+++ Available data +++

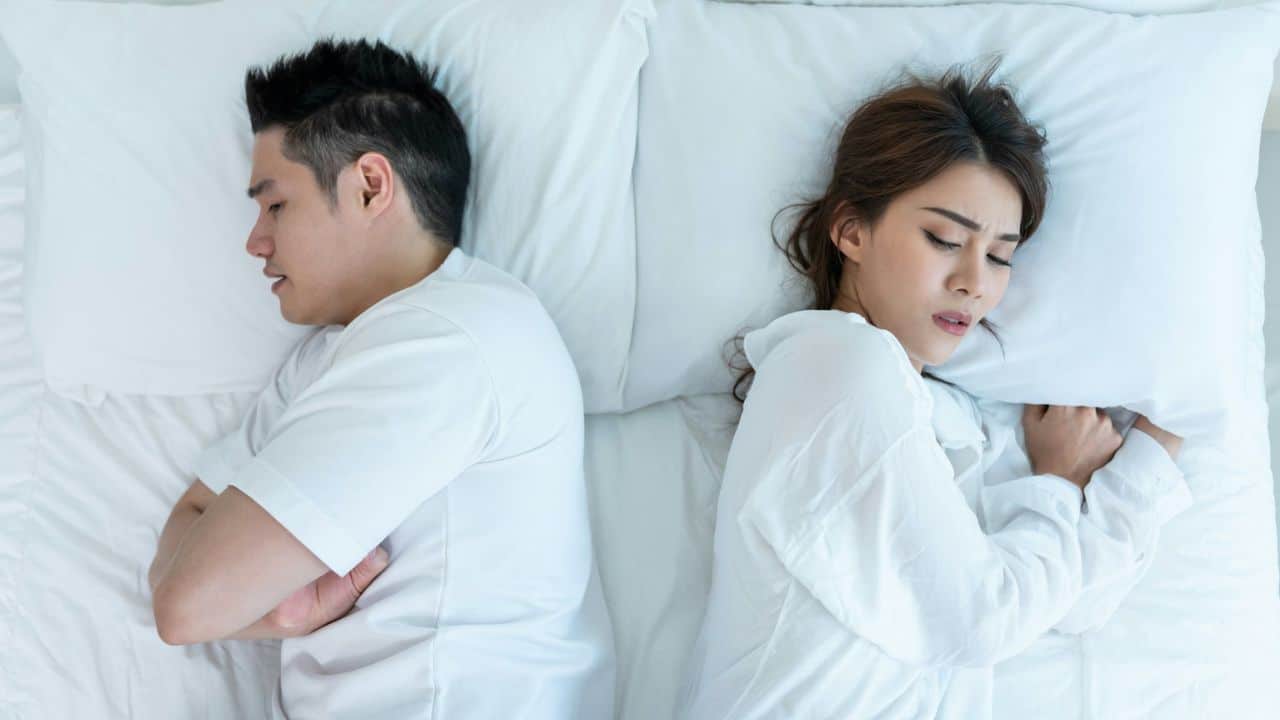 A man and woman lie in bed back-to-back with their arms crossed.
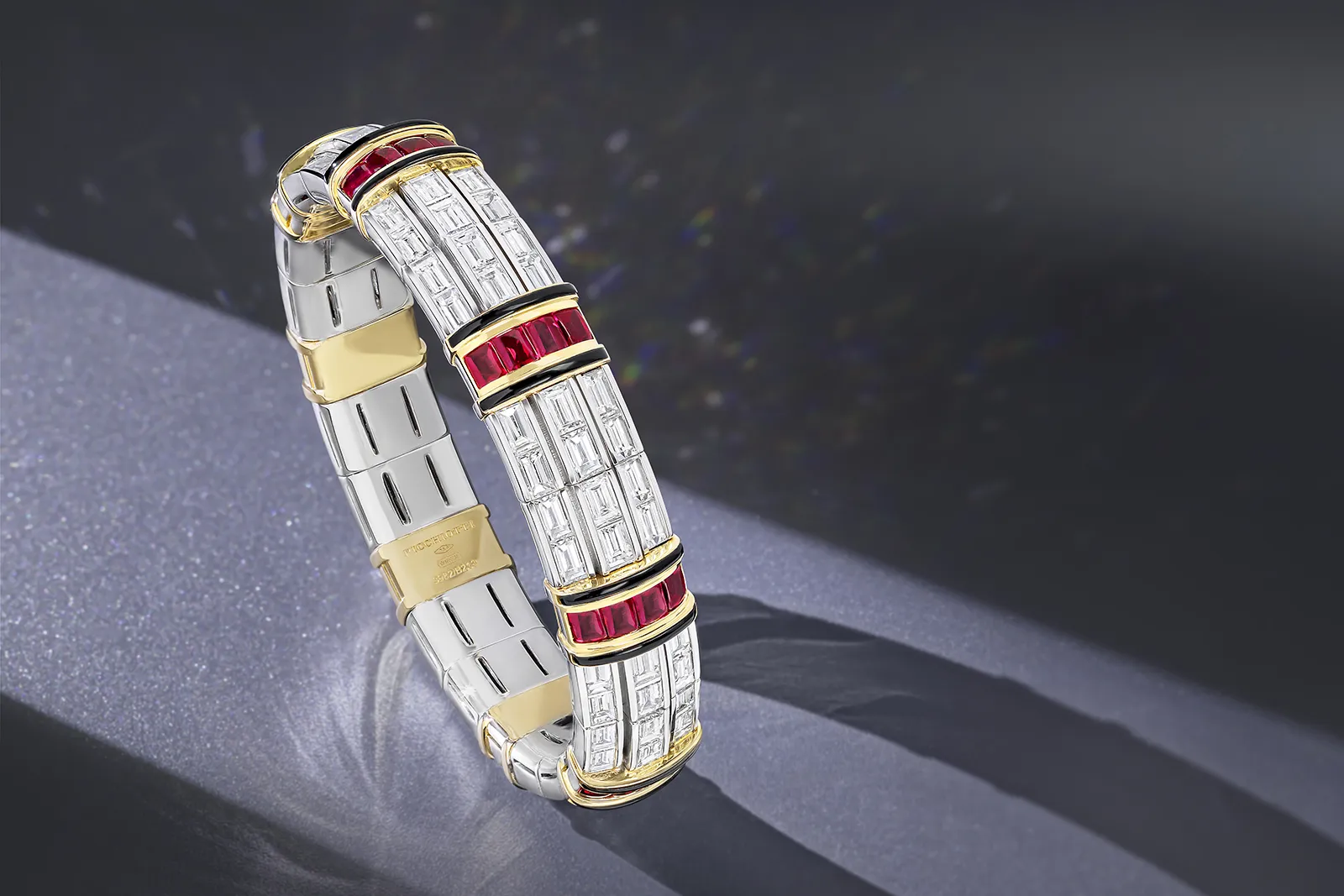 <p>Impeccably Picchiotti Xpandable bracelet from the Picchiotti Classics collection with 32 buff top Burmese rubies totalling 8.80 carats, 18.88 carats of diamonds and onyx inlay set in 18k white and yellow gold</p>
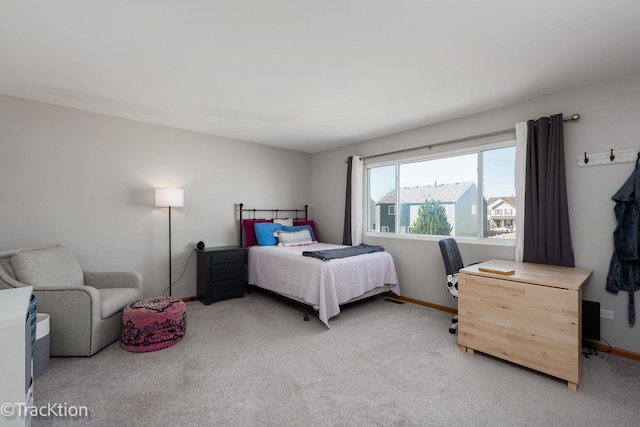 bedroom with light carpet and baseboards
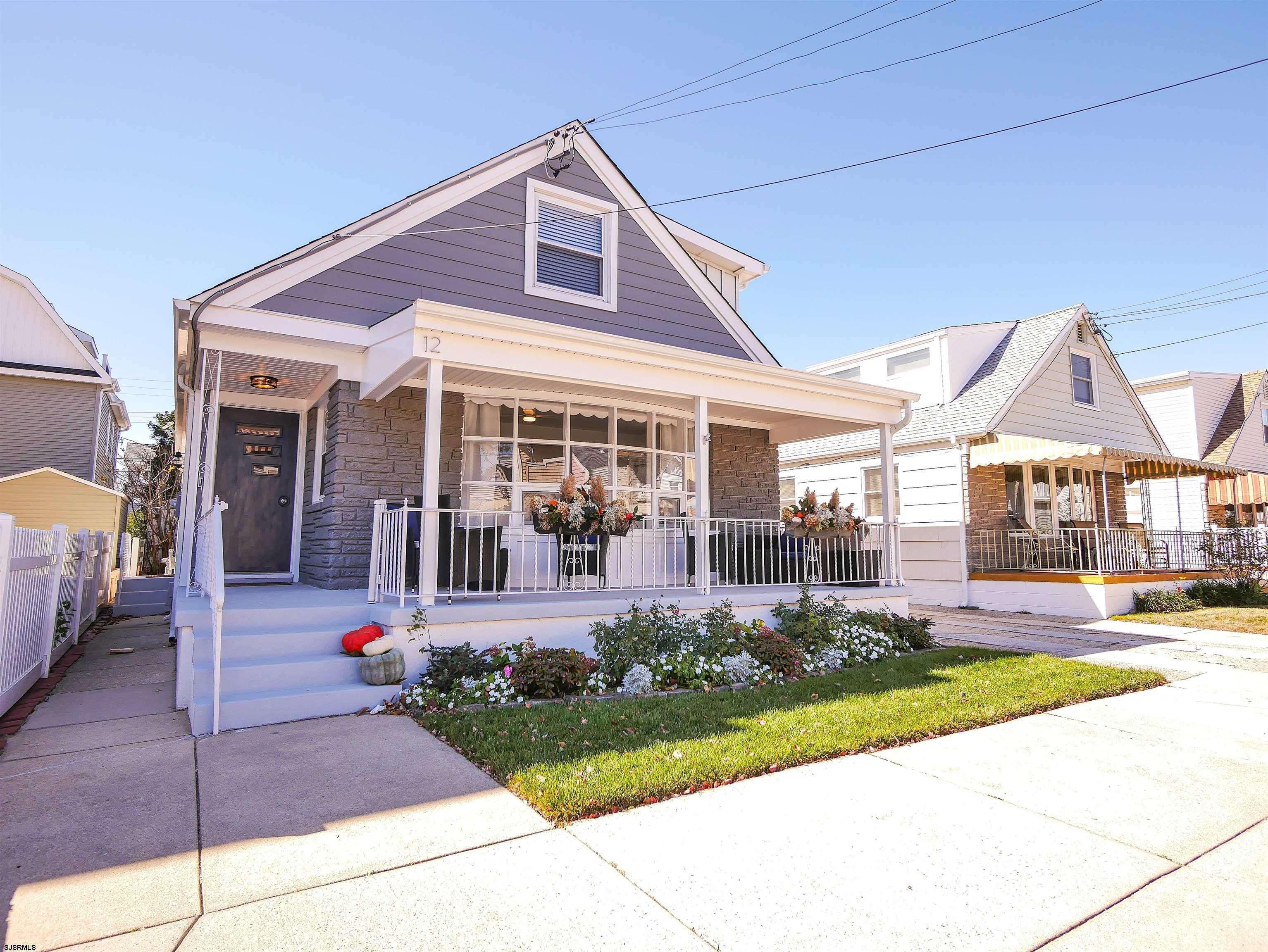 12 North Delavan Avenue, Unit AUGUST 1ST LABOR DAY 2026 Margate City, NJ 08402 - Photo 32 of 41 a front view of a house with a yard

+++
+++ Available data +++

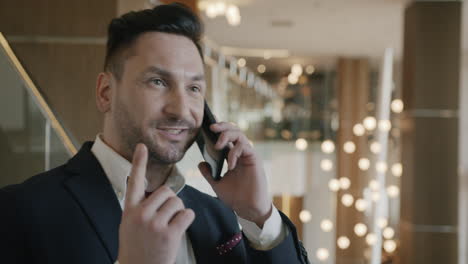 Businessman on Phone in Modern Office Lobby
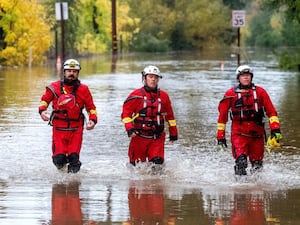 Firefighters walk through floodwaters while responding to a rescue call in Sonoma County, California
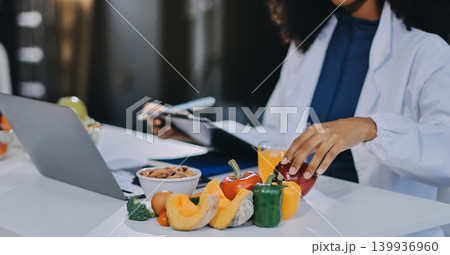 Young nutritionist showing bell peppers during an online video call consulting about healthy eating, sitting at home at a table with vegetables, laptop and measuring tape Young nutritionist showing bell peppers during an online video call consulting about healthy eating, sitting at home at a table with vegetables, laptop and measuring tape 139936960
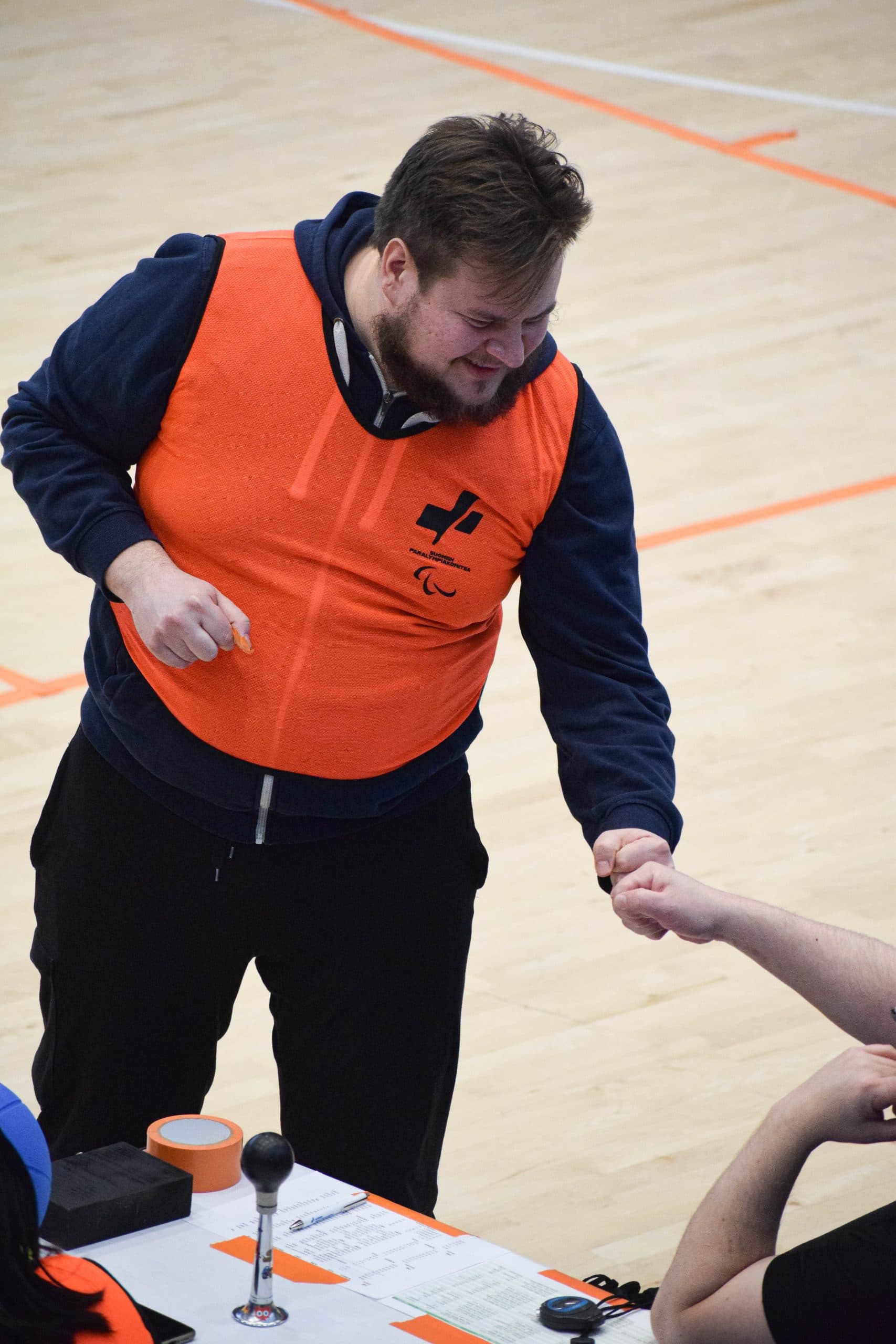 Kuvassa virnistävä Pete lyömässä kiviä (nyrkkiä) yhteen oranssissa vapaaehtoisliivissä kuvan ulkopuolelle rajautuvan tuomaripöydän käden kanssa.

+++
+++ Available data +++

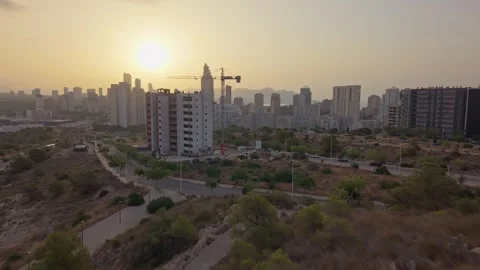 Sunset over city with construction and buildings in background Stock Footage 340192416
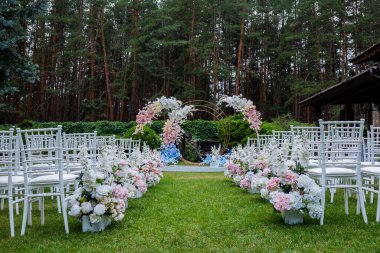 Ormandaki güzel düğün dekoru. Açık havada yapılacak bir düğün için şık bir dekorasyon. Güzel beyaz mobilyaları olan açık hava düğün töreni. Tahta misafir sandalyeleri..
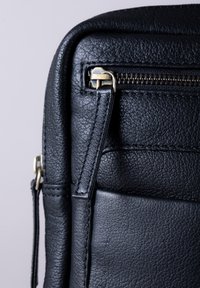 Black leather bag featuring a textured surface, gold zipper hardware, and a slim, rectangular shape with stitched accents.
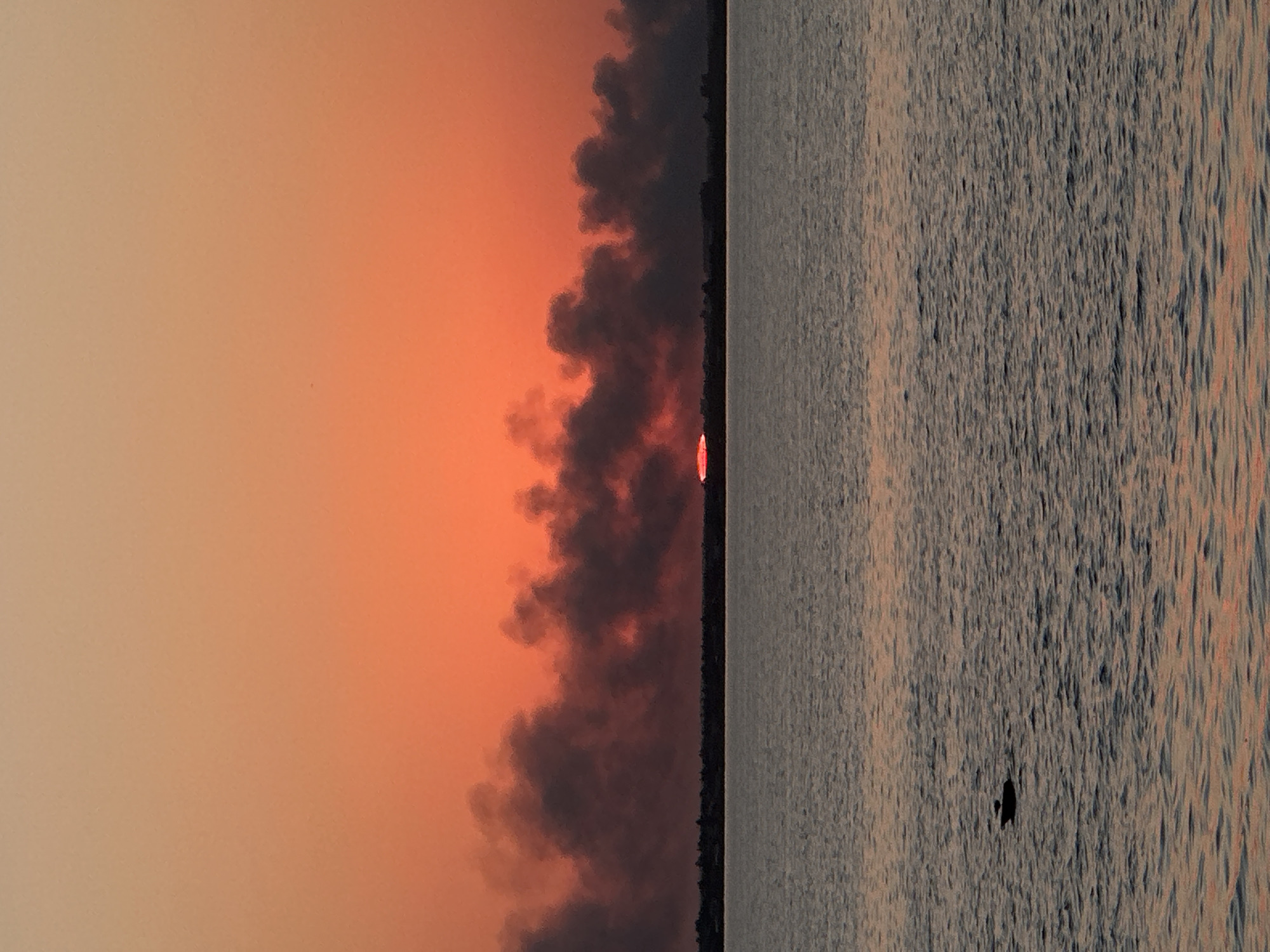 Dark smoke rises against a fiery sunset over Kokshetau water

+++

### What is required
Using the entries above, reproduce word for word only the lines from the one that contains "bedroom with light carpet and baseboards" to the one that contains "12 North Delavan", both ends included, and drop every picture.

### Response below
 bedroom with light carpet and baseboards
 12 North Delavan Avenue, Unit AUGUST 1ST LABOR DAY 2026 Margate City, NJ 08402 - Photo 32 of 41 a front view of a house with a yard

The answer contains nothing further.